### To do
Write the records below out again word for word, with the pictures removed.

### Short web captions
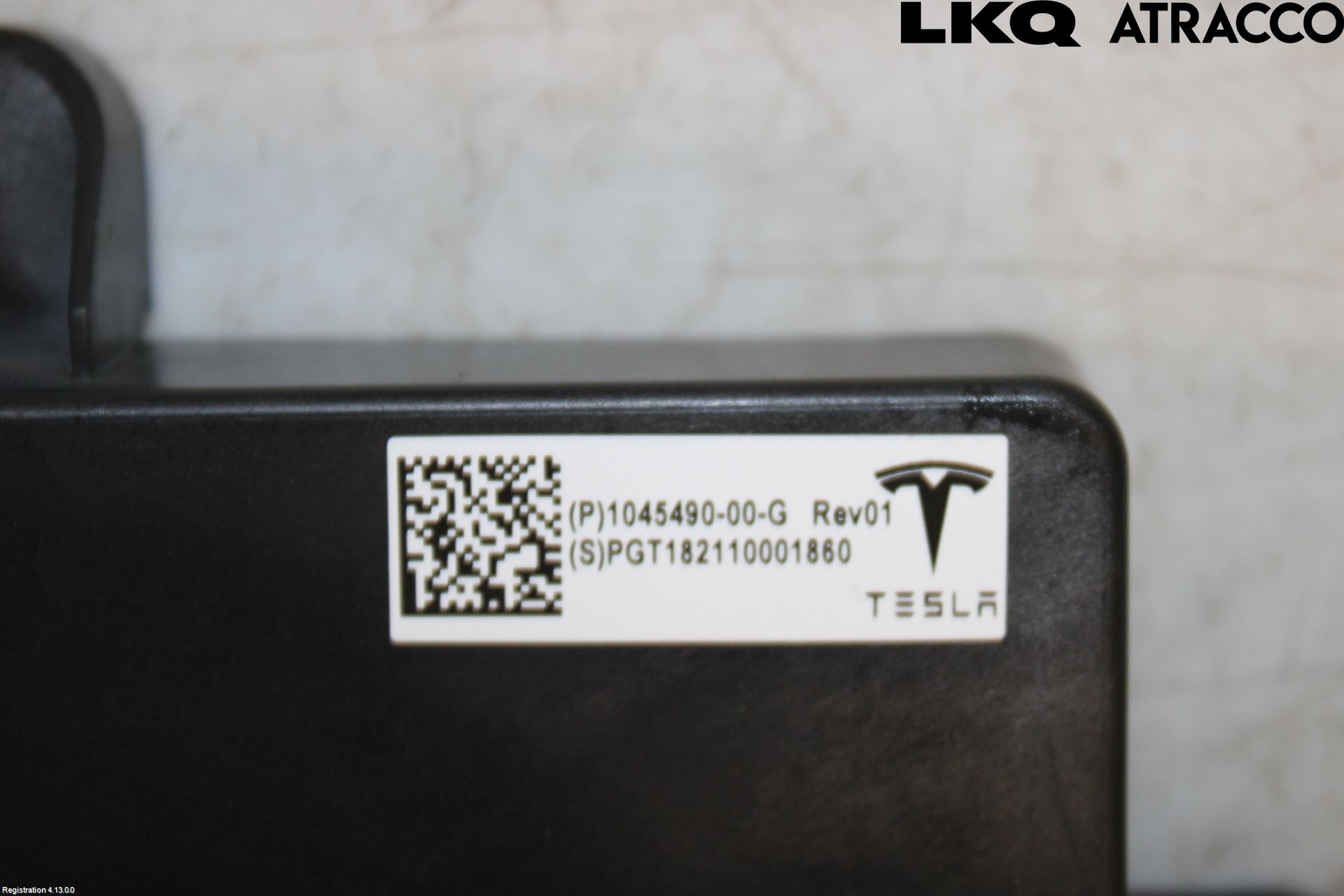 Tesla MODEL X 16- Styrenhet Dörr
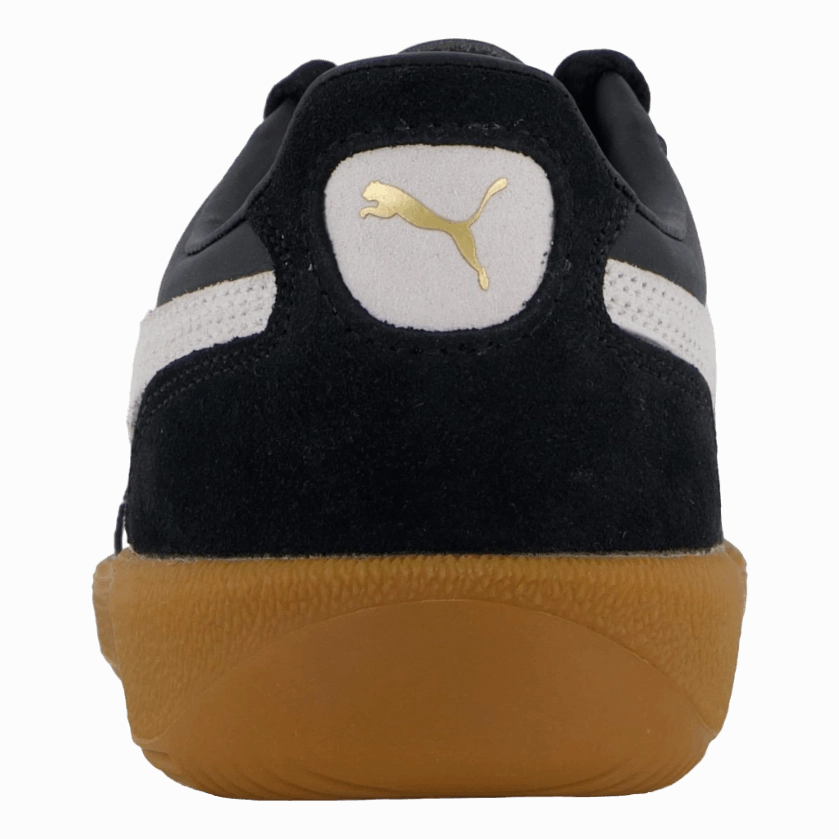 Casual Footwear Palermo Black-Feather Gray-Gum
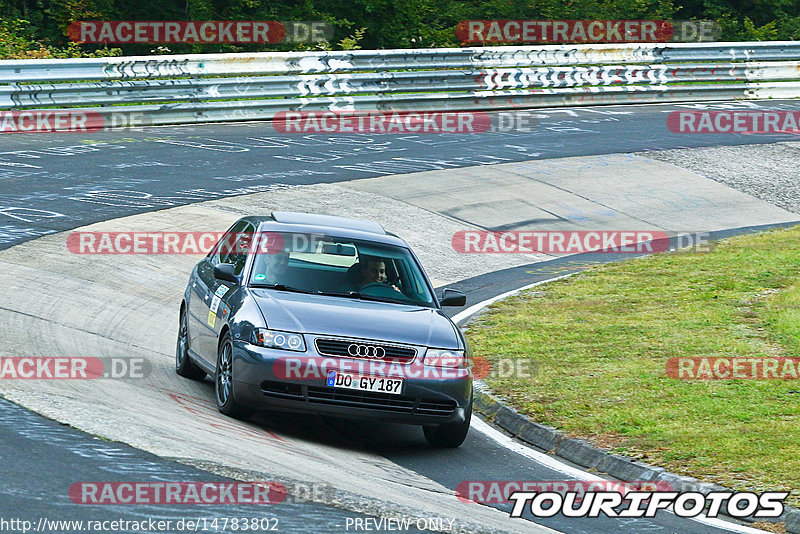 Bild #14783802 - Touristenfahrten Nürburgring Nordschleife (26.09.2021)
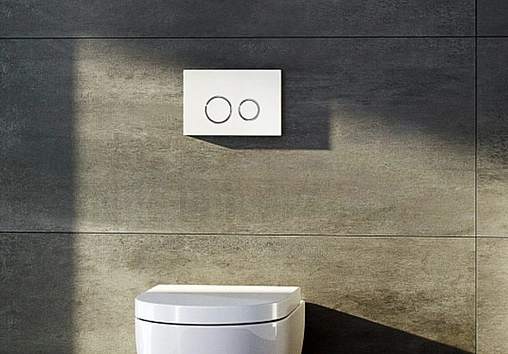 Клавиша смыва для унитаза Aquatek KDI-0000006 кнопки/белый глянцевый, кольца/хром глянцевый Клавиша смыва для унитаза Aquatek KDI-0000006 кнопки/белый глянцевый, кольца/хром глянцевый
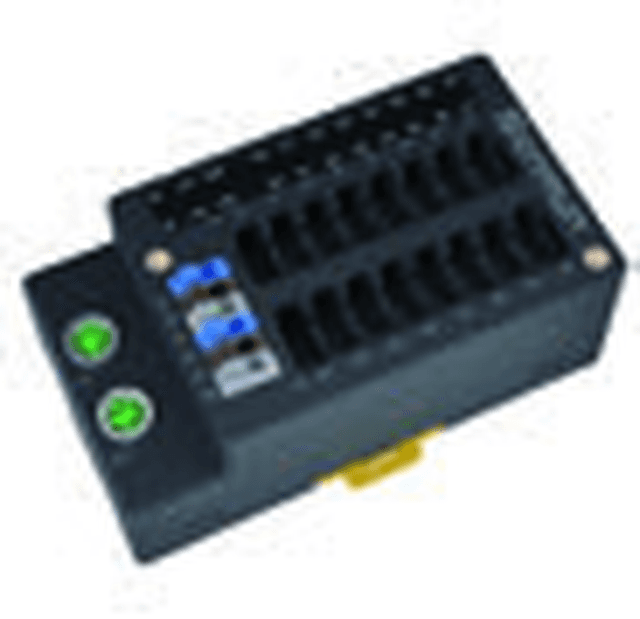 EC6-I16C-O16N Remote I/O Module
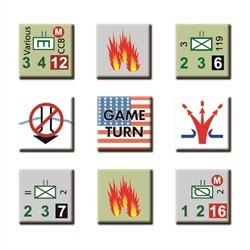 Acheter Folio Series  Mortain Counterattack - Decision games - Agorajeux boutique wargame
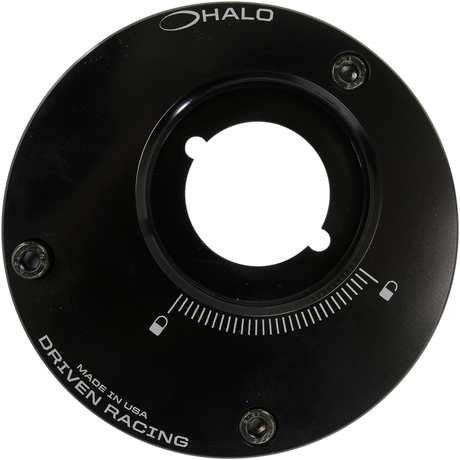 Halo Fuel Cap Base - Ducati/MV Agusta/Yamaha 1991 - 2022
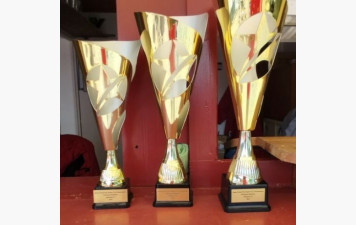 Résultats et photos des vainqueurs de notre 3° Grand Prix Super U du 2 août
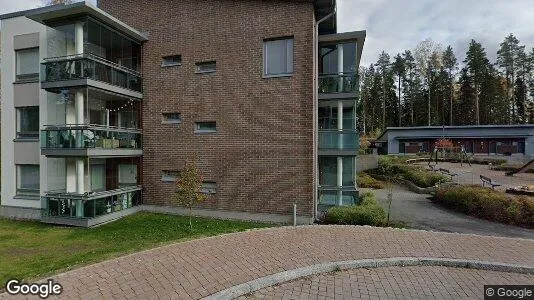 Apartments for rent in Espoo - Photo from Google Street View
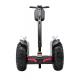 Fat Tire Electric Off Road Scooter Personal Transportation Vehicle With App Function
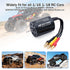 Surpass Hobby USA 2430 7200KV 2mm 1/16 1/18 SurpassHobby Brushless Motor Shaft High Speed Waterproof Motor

### Written answer
 Tesla MODEL X 16- Styrenhet Dörr
 Casual Footwear Palermo Black-Feather Gray-Gum
 Bild #14783802 - Touristenfahrten Nürburgring Nordschleife (26.09.2021)
 Клавиша смыва для унитаза Aquatek KDI-0000006 кнопки/белый глянцевый, кольца/хром глянцевый Клавиша смыва для унитаза Aquatek KDI-0000006 кнопки/белый глянцевый, кольца/хром глянцевый
 EC6-I16C-O16N Remote I/O Module
 Acheter Folio Series  Mortain Counterattack - Decision games - Agorajeux boutique wargame
 Halo Fuel Cap Base - Ducati/MV Agusta/Yamaha 1991 - 2022
 Résultats et photos des vainqueurs de notre 3° Grand Prix Super U du 2 août
 Apartments for rent in Espoo - Photo from Google Street View
 Fat Tire Electric Off Road Scooter Personal Transportation Vehicle With App Function
 Surpass Hobby USA 2430 7200KV 2mm 1/16 1/18 SurpassHobby Brushless Motor Shaft High Speed Waterproof Motor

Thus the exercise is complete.